Task objective | For the entries below, print exactly the lines between the line holding "Ford 1951 dans" and the line holding "Mercedes-Benz ML 430", inclusive, and nothing else.

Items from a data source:
---
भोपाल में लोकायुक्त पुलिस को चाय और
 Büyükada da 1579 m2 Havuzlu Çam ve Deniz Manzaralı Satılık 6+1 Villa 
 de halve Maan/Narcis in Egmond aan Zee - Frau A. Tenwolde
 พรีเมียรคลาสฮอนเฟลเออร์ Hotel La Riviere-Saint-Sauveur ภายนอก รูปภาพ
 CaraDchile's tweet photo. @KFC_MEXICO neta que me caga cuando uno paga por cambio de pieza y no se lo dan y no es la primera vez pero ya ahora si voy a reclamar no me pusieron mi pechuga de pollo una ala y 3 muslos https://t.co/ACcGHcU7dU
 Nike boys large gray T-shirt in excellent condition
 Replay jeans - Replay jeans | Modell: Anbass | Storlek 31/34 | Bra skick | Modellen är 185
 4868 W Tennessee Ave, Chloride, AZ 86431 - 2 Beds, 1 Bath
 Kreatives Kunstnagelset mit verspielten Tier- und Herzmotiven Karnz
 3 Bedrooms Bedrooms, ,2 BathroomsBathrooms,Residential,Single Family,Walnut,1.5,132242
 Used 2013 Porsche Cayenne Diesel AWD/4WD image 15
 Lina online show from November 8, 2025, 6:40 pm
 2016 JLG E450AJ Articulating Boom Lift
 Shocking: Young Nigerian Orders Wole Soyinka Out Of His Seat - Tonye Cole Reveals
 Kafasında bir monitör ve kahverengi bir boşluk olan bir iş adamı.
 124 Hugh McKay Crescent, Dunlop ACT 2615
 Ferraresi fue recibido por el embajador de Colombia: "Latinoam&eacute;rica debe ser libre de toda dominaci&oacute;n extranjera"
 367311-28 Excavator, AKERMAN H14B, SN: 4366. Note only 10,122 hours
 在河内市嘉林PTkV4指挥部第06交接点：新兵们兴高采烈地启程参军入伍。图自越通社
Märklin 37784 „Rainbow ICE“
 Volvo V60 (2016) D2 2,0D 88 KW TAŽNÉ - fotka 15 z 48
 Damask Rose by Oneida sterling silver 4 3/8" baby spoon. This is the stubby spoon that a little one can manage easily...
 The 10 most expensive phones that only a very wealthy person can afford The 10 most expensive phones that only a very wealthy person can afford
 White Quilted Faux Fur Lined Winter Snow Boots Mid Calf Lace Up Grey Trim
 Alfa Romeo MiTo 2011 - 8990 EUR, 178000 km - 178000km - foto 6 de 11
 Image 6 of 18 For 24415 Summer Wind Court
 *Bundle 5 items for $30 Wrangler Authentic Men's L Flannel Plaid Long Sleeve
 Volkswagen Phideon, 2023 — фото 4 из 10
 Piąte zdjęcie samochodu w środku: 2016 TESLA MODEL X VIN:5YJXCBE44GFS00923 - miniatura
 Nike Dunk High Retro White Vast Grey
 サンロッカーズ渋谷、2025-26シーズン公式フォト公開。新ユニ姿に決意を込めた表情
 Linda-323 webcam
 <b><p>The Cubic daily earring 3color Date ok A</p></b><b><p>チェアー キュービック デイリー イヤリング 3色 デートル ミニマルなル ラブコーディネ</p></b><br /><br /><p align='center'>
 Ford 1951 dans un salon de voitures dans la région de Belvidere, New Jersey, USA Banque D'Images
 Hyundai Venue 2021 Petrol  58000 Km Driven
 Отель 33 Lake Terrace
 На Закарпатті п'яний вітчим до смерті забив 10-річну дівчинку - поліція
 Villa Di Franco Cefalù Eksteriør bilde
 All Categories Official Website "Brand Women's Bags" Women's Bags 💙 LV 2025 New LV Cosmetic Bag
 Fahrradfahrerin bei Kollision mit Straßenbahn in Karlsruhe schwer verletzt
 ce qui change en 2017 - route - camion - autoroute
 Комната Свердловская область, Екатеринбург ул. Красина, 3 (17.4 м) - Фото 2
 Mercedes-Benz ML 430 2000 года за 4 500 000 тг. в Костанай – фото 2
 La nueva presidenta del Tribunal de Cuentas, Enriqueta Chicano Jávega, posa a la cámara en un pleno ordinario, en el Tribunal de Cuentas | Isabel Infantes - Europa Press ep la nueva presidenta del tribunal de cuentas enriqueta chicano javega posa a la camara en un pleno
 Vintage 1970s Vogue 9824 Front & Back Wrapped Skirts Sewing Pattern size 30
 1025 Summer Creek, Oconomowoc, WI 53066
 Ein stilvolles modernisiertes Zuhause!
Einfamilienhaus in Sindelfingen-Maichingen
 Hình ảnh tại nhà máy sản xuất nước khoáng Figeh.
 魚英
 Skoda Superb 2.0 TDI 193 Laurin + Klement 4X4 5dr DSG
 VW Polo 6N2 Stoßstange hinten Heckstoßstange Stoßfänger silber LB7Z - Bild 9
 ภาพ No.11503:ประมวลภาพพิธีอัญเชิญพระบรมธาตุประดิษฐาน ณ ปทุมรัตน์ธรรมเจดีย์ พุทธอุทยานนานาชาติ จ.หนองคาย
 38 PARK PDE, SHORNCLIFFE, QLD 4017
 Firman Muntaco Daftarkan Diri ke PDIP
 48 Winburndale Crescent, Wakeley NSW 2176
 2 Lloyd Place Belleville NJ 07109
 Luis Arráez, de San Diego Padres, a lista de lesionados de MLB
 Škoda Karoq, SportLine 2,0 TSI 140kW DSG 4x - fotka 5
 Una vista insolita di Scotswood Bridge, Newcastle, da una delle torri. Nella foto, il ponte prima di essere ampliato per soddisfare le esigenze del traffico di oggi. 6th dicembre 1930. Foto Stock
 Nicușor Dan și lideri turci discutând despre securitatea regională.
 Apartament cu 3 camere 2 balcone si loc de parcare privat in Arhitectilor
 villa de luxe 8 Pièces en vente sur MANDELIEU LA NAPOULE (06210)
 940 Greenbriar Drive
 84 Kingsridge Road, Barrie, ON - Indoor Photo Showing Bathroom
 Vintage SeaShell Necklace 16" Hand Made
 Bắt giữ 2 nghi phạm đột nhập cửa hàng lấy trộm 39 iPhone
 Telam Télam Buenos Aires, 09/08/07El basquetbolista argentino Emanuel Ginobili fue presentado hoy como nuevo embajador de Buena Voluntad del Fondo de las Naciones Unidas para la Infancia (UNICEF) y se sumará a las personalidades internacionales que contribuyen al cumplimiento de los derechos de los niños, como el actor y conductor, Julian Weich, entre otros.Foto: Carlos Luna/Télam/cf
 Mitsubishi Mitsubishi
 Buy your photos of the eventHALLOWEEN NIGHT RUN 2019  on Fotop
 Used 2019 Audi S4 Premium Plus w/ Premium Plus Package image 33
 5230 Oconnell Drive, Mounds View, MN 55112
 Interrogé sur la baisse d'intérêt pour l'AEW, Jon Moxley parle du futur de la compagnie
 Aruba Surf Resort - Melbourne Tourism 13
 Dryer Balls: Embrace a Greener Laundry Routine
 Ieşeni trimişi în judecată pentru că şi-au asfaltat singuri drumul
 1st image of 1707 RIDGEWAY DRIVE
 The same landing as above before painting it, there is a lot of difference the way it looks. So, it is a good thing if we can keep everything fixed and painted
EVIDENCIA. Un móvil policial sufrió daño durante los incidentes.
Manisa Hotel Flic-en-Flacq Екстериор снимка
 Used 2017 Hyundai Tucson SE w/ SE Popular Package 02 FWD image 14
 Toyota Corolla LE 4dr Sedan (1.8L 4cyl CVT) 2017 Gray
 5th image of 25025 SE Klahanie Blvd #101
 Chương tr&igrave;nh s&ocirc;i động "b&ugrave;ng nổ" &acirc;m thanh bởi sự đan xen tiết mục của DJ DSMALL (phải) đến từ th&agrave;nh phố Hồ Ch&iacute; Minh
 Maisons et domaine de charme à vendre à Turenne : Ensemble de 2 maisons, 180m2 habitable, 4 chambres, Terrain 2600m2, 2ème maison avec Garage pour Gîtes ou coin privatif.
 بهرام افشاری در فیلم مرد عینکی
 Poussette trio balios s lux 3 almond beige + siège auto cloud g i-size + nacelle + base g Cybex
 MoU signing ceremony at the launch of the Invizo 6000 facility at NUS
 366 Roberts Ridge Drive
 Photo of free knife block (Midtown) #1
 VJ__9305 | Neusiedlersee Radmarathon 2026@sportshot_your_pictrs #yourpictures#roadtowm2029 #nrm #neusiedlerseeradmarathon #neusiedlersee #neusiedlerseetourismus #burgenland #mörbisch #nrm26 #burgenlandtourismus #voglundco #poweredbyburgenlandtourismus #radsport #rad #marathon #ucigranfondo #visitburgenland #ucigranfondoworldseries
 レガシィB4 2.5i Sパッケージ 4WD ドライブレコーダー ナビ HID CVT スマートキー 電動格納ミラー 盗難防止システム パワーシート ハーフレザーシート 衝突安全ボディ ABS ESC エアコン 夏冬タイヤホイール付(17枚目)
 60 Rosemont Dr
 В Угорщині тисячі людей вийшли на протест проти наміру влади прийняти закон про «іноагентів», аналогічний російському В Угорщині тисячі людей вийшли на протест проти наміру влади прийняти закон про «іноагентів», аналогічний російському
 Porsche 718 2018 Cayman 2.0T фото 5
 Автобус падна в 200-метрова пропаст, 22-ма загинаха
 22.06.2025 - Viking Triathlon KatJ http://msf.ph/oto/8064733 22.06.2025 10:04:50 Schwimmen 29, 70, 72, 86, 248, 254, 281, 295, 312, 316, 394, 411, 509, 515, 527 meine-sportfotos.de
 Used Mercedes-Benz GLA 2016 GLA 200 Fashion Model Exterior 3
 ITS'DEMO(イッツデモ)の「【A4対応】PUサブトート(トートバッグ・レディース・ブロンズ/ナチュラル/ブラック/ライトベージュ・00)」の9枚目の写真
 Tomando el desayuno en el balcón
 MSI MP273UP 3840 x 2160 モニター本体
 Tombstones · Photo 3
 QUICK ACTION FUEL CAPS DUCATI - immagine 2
---
Response area |
 Ford 1951 dans un salon de voitures dans la région de Belvidere, New Jersey, USA Banque D'Images
 Hyundai Venue 2021 Petrol  58000 Km Driven
 Отель 33 Lake Terrace
 На Закарпатті п'яний вітчим до смерті забив 10-річну дівчинку - поліція
 Villa Di Franco Cefalù Eksteriør bilde
 All Categories Official Website "Brand Women's Bags" Women's Bags 💙 LV 2025 New LV Cosmetic Bag
 Fahrradfahrerin bei Kollision mit Straßenbahn in Karlsruhe schwer verletzt
 ce qui change en 2017 - route - camion - autoroute
 Комната Свердловская область, Екатеринбург ул. Красина, 3 (17.4 м) - Фото 2
 Mercedes-Benz ML 430 2000 года за 4 500 000 тг. в Костанай – фото 2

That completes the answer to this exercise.